Hello, Principle of war?  Is it really about being able to fight back with good techniques? Is it really about having to actully fight and win?

Between countries...the principle 's of war is to destroy the other's army as so they cannot win, without killing the innocent people.

In martial arts?  You may want to rethink this message you are giving here?

Martial arts is learning fighting skills.  The principles of war in martial arts is NOT to fight!  BUT: to be prepare for battle.

By making your body and skills stronger...your skills as a person also becomes stronger....humble,kindness,honesty,truefullness, the growing up of excepting people weakness, by not allowing them to get to you!

If you fight..it is because the other person got you to do it!  They won ..because they got you to fight!

There is always another way to avoid, or prevent war or wars?

The principles of war?  What is it really? for a martial artist?

When people or countries fight? ...both sides loss the battle because they couldn't solve it another way.

Any fighting is wrong....because there are always other ways to solve life prolbems.  Killing or hurting someone is NOT a principle of wars's

Just my thoughts on this!   Aloha

PS:Bruce Lee "art of fighting without fighting"


----------



## still learning (Sep 21, 2007)

Hello, All those years of training and learning how to fight back with your arms, and legs.

Then someone who knows about the Principle of wars...uses a gun to shoot you dead.  He won by using more effective training and use of weapons. because he knows he can't beat you with his fists or kicks.

Principles of war is also knowing when one can win or one should leave.

Learning awareness and avoidence are the highest skill one can learn in the principles of wars.  

Principle of war...the Chinese hate us...yet they are winning thru product that we buy and one day we cannot live without those products...then they control us without a FIGHT!

There is always more than one way to win!

Lottery numbers will be sold, at $78.68 cents each, till tueday...at that time MY number will be drawn, making me the winner! principle of war is to win?

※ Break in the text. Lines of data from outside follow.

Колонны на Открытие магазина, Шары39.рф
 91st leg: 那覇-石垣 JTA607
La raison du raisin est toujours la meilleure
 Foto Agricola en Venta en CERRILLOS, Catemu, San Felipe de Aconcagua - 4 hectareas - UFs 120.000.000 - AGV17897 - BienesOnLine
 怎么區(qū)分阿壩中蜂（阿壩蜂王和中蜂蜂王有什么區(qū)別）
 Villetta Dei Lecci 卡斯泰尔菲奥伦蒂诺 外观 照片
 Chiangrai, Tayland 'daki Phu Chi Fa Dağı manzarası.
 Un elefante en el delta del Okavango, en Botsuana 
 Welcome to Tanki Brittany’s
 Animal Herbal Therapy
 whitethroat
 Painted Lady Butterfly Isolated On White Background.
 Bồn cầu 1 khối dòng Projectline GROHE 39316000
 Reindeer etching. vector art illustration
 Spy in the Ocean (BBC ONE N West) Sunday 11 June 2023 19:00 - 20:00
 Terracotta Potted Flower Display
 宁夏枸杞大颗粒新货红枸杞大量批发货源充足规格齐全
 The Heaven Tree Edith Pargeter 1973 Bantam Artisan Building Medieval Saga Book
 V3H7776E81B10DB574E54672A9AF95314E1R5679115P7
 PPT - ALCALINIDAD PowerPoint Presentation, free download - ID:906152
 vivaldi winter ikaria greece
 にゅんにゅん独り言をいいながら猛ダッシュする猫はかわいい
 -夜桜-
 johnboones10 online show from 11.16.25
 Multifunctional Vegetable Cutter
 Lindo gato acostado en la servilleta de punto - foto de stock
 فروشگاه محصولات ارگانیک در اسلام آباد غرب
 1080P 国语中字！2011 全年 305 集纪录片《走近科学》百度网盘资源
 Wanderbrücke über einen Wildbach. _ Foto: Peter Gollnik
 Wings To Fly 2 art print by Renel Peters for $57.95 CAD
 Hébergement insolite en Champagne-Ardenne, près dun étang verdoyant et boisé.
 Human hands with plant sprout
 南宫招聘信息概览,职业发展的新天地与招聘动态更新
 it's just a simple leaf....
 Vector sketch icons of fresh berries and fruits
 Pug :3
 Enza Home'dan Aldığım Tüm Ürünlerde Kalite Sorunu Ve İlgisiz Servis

Aloha (my number is 777) " oh my, how lucky!"


----------



## Kenpojujitsu3 (Sep 22, 2007)

I'm talking apples and you're talking about oranges.  You're talking morals, negotiations and what the military refers to as deterrents.  You're talking about pre-war prep and arms races.  I'm talking when all of that has failed and it's time for the actual war because someone else wants it.  The Principles of war are for the actual war and have nothing to do with war prevention whatsoever.  When some jackass is trying to kill you (as has happened to me more than once) you don't solve it another way. You fight to live, period.  There is NOT ALWAYS another way to prevent.....some things are unavoidable.  Hope for the best, prepare the worst.  In an ideal world you don't have to fight...I don't live in an ideal world.  As to the gun example, I've lived it.  I've been shot before...and at the least I lived to tell about it.  Most of what you mentioned about war avoidance is true...but it has absolutely nothing to do with survival when an actual war begins.


----------



## Tez3 (Sep 22, 2007)

With regards to the MASS paragraph, I understand how a man can bulk up and get stronger but what would you suggest for a 5 foot 4 female? I really don't want to put any more weight on, quite the opposite! Training with people who are always stronger and heavier than me means I never win in sparring. I don't know about outside the club though. 

I'm still reading the rest, I have to print it out to read properly!


----------



## still learning (Sep 22, 2007)

Hello, Principles of war?  Is to over whem the enemy so they will not fight you.

USA military is the largest and most advance military in the world. Why? the principle of war, NO one wants to fight a bigger or advance army.  The key over whem them in force and power to prevent them from attacking.  or if you are going to fight?  be sure you can win!
-------------------------  -----------------------------------------
Now for your thoughts of principles of war:  All that training?  In a fight there is NO RULES.

One should use every available weapon or rocks to win!  Even Bruce Lee mention in a real fight?  I be stupid not to use some kind of weapon.

 I don't know your behavior...I am sure there are lots of people where you live NEVER ever got into a fight?  

Where you live me be dangerous ...but that is NO excuse.  A true martial artist prepare himself for battle,  OVER WHEMS THE ENEMY... with his internal strengths.  (it is good to look bigger and stronger).
but there are many smaller people who are better than most.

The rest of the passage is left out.